The Works in Progress Seminar is a forum for presenting work under way in an area of scholarship or teaching for a seminar-style discussion among faculty of the Department of History and Anthropology and the broader campus community, originally conceived and developed by Hettie V. Williams, Ph.D. The mission of this seminar is to foster awareness about the research interests among faculty, improve communication about areas of teaching and scholarship, facilitate discussions across disciplines, and encourage collaborative research opportunities. Presentations take place once per month in Fall and Spring semesters from 1:15-2:15 p.m., usually on the fourth Wednesday of the month.

If you would like to present in the series, please email organizer Eileen Walsh, Ph.D.

Spring 2024 Calendar

Table of Contents


The Flexible Freudian

Presenter: David H. Golland, Ph.D., and Jeffrey H. Golland, Ph.D.

Wednesday, Jan. 24, 1:15 p.m. to 2:15 p.m. in Howard Hall 316

This is a book talk on David H. Golland, Ed., The Flexible Freudian, the Collected Works of Jeffrey H. Golland (NY: International Psychoanalytic Books, 2024). The elder Golland is clinical professor of psychiatry at Mount Sinai School of Medicine and a psychoanalyst/psychotherapist in private practice; for three decades he taught in the School of Education at Baruch College, CUNY. His writings explore and develop two major premises: that psychoanalysis is science, without need for the modifier social; and that the personal and professional flaws of Sigmund Freud should not detract from his role as the founder of a modern science.

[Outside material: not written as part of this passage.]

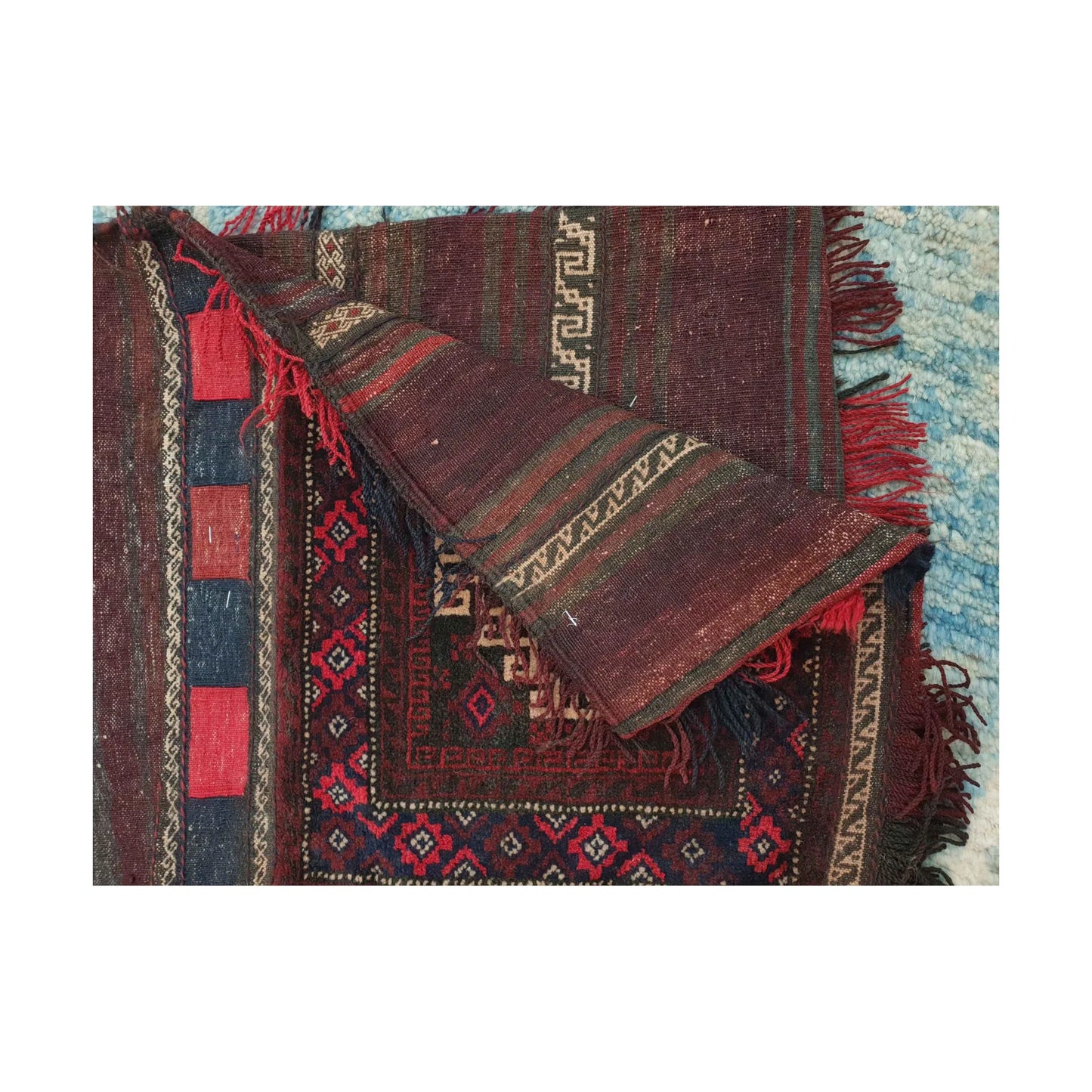 Folded reverse view of Afghan saddle bag showing burgundy striped flatweave, ivory geometric bands and fringe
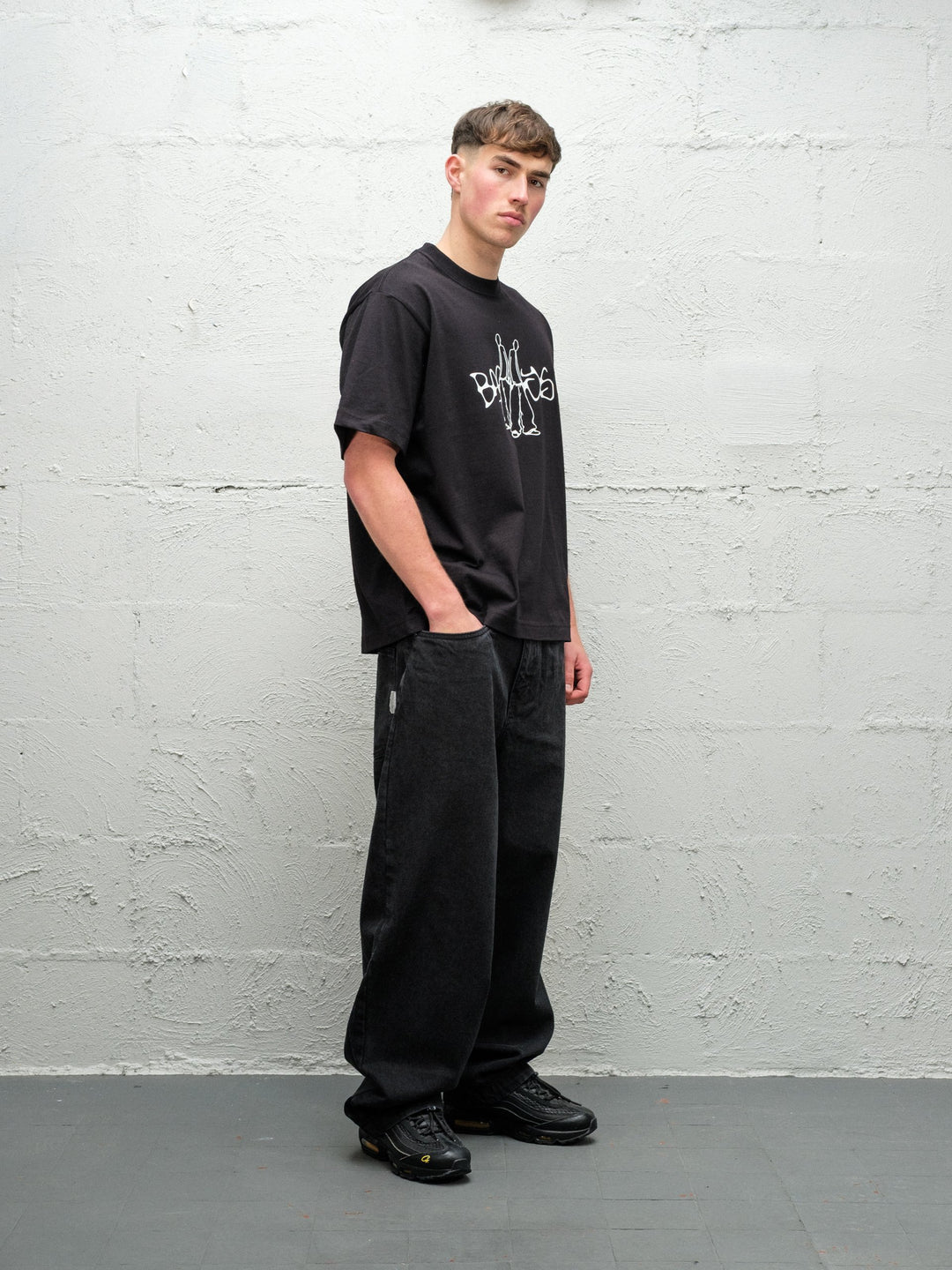 Person wearing black baggy denim pitch jeans, made by Baggys.uk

Living the Myth of Matriarchy: Gender, Tourism and the Mosuo

Presenter: Eileen Walsh, Ph.D.

Wednesday, February 28, 1:15 p.m. to 2:15 p.m. in Howard Hall 316

Tens of thousands of tourists visit the shores of Lugu Lake in Yunnan Province, southwest China, where the ethnic minority the Mosuo live in the foothills of Tibet. This tourism is largely an encounter between Han Chinese and an exoticized internal Other, the Mosuo. Tourists are lured by outrageous tales and news reports of a matriarchy and free love, and images of a lost harmonious Utopia. These encounters are often understood through state discourses of development, and contemporary discourses of identity which play off of dichotomies of the “modern” versus the “traditional”, and the sexually repressed Self and the erotic Other. This project explores who the Mosuo are, how the myth of matriarchy surrounding them developed, and what the multiple effects of this representation have been—on policy, on identity and on an economy drastically changing because of tourism.

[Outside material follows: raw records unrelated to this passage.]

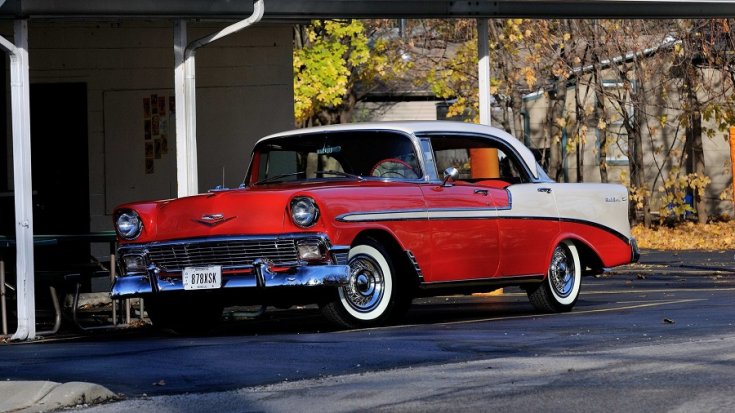 1956 GM Chevrolet Bel Air, kéttónusú piros 4 ajtós hardtop limuzin, fehér fenék, hátsórész és tető, elölnézet, oldalnézet, balról döntve, távolról fotózva, alulnézetből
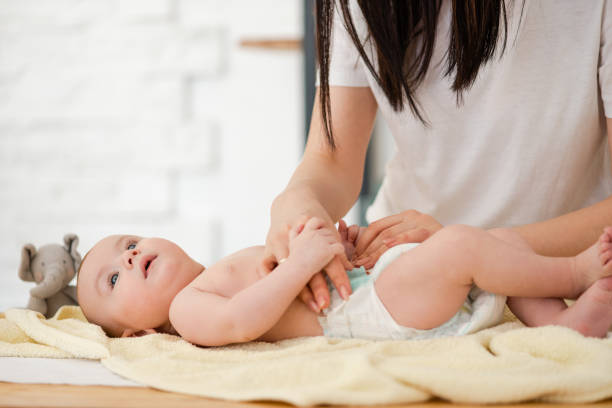 istock Young mother changing diaper her baby 1142822998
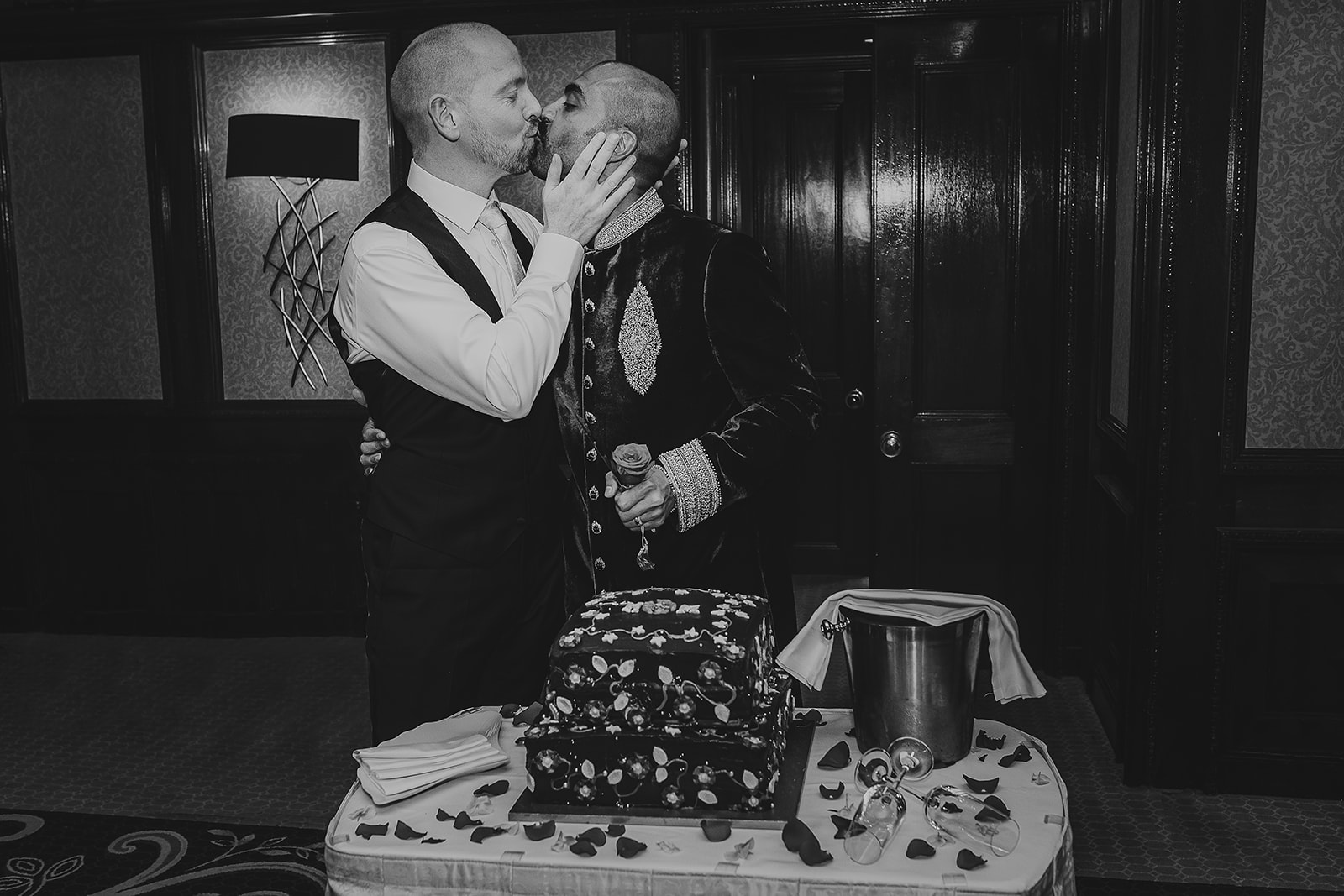 Groom and groom cutting wedding cake at reception at the Taj, London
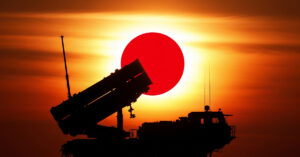 A ground-based missile launcher silhouetted against a rising sun, with a Japanese flag subtly integrated into the background, symbolizing the military deployment and strategic partnership between the two nations.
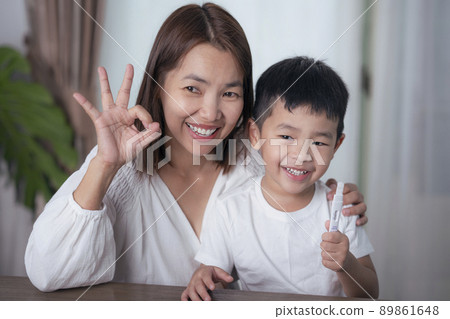 Mother test covid19 for her son with saliva ATK at they home Mother test covid19 for her son with saliva ATK at they home 89861648
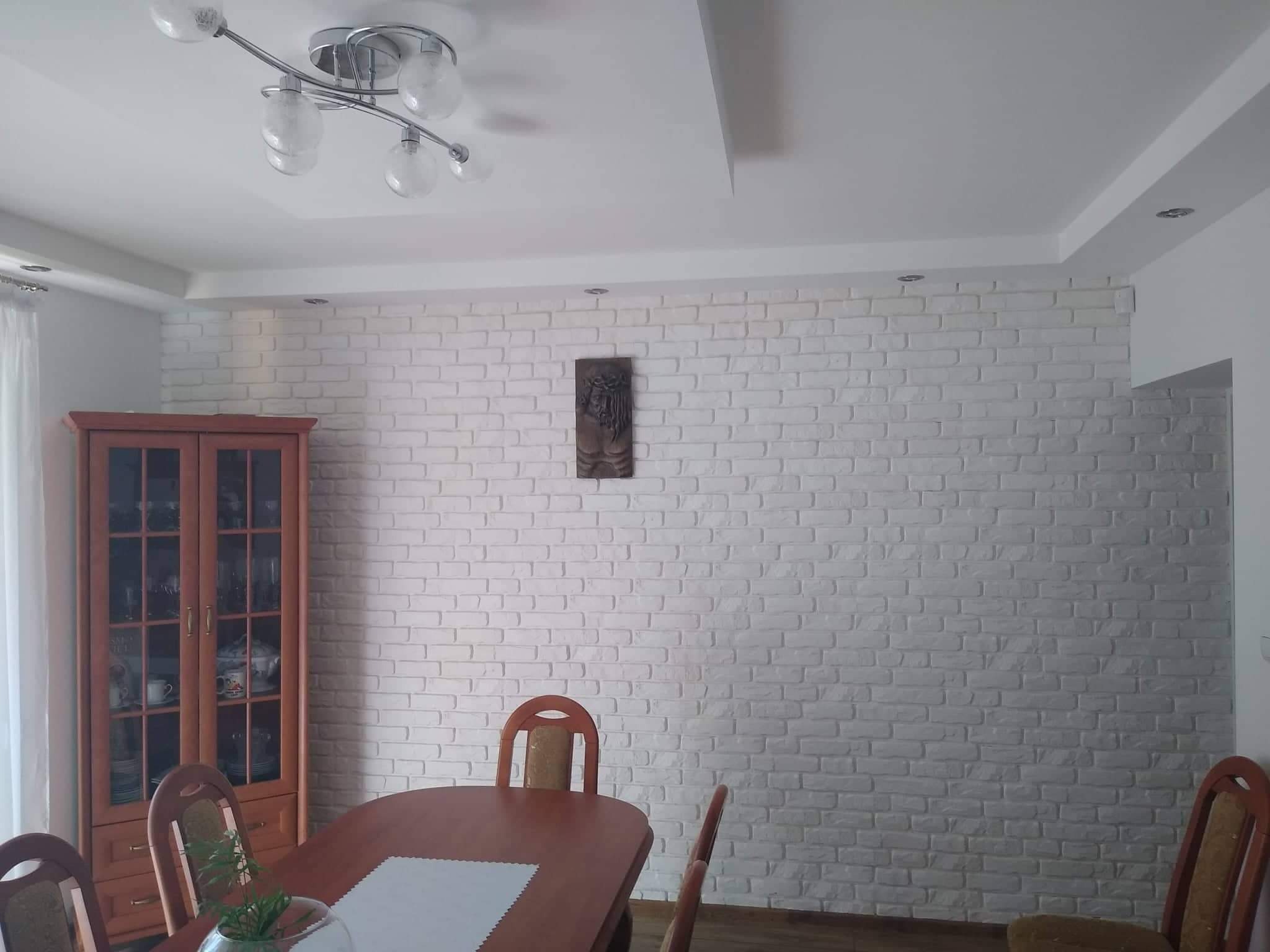 Biała ściana z cegieł dekoracyjnych w jadalni, oświetlona lampą sufitową, z drewnianymi meblami i dekoracją ścienną.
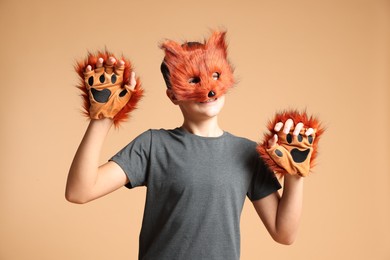 Quadrobics. Boy wearing fox mask and gloves on beige background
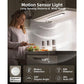 A woman prepares food in a kitchen lit by the 3-Pack Under Cabinet Lighting With Charging Station, featuring motion sensor activation, a 120° detection angle, 10-foot sensing range, and a 20-second auto-off for convenient modern lighting.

“No Husband, No Abortion”: Married Women’s Abortion Rights

Presenter: Katherine Parkin, Ph.D.

Wednesday, March 27, 1:15 p.m. to 2:15 p.m. in Howard Hall 316

The legalization of abortion in the early 1970s and along with it the right to privacy seemed absolute and definitive. However, the rights of husbands, as understood by the public and the courts, ultimately continued to challenge married women’s abortion rights. Before Roe v. Wade, with incremental and untested legalization, many hospitals across the country required spousal consent of husbands for abortions. The hospital administrations’ decision to introduce this requirement served two key self-serving elements. First, it quietly achieved a reduction in the number of abortions a reluctant hospital had to perform, as women who did not want to engage with their spouse would not go to that hospital. Second, the signed consent forms offered legal protections against the weight of a husband’s civil liability claim, if he wanted to bring suit against the hospital.